Moderne Sklaven: Vom Luxusgut zur Wegwerfware

Ein Fallbeispiel

Vor einigen Wochen ging die Meldung von einem misshandelten Hausmädchen aus Pakistan durch verschiedene Medien. Es ist eine Geschichte, wie sie auch in anderen Ländern, etwa Haiti, immer wieder passiert – meist mit keinem guten Ausgang, wie in diesem Fall. Tayyaba, so der Name des zehnjährigen (!) Mädchens wäre immer noch in dem Haus in einer reichen Gegend der pakistanischen Hauptstadt Islamabad, wenn nicht ein Foto von ihr auf Twitter die Runde gemacht hätte. Es zeigt sie mit einem dick geschwollenen rechten Auge, Schürfwunden, blauen Flecken und Brandblasen an den Händen. Die Ärzte entdeckten dann insgesamt mehr als 20 Verletzungen an ihrem Körper. Tayyaba sei gefoltert worden, heißt es in dem Bericht, der dem Obersten Gericht vorgelegt wurde.
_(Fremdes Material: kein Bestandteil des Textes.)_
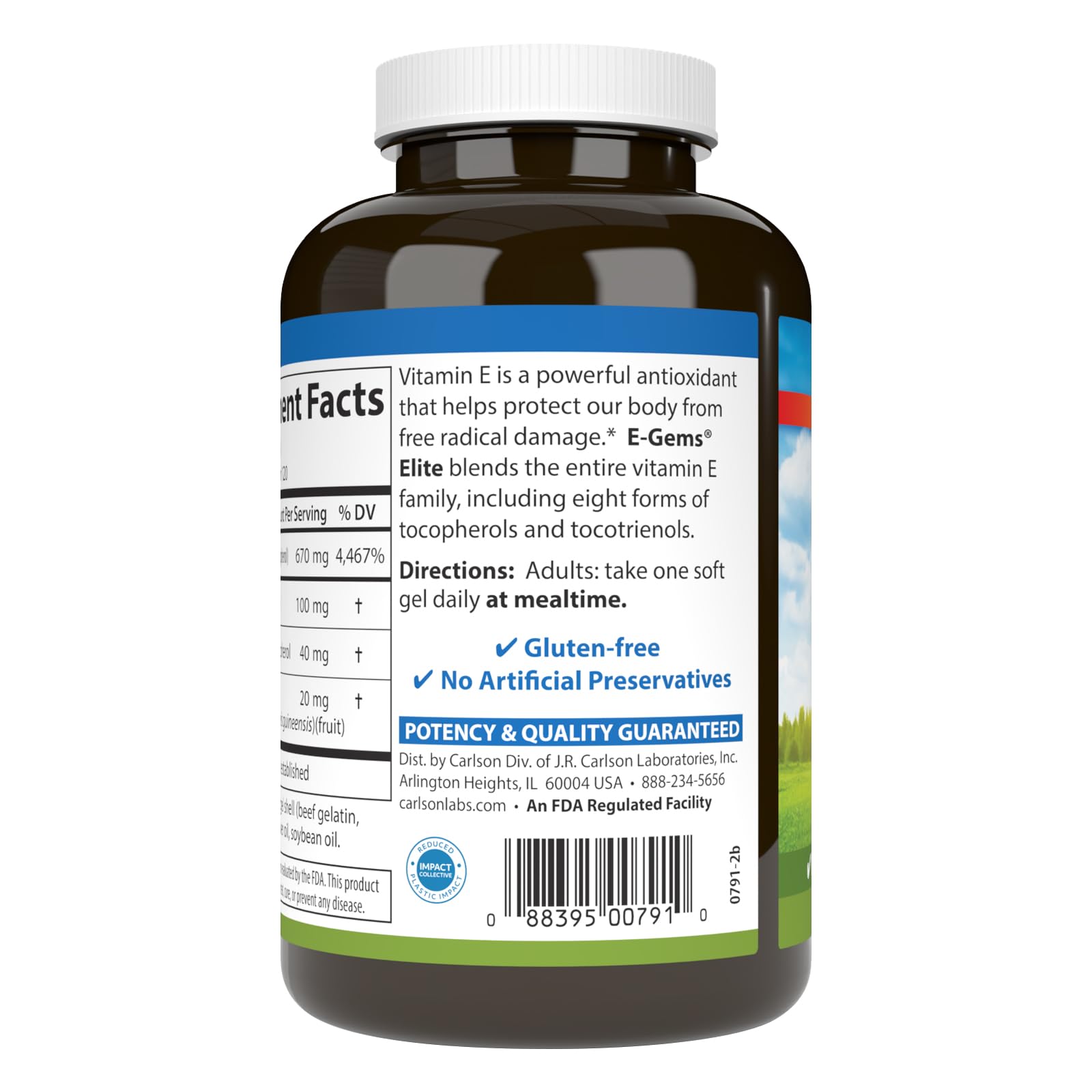 Vitamin E soft gels spilled from bottle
Tayyabas Martyrium nahm vor zwei Jahren seinen Anfang. Wie fast immer, so auch hier, stammt das Opfer aus einer armen Familie. Die Eltern schickten das Kind über eine „Vermittler“ aus der Punjab-Provinz nach Islamabad, um im Haushalt eines Richters zu arbeiten und so Schulden ihrer Familie zu begleichen. Doch das Anwesen des Richters wurde für das Mädchen zum Horrorhaus. Neben schwerster Arbeit wurde Tayyaba regelmäßig geschlagen und bekam nicht ausreichend zu Essen. Als dann eines Tages ein Besen im Haushalt vermisst wurde, schob die Hausherrin vor Wut Tayyabas Hände in einen heißen Ofen. Schließlich wurden die Behörden auf die Verletzungen aufmerksam. Anfangs erzählte Tayyaba der Polizei noch infolge von Einschüchterung, alles sei nur ein Unfall gewesen. Sie sei die Treppe heruntergefallen, und die Brandverletzungen habe sie sich beim Hantieren mit Feuer selbst zugezogen.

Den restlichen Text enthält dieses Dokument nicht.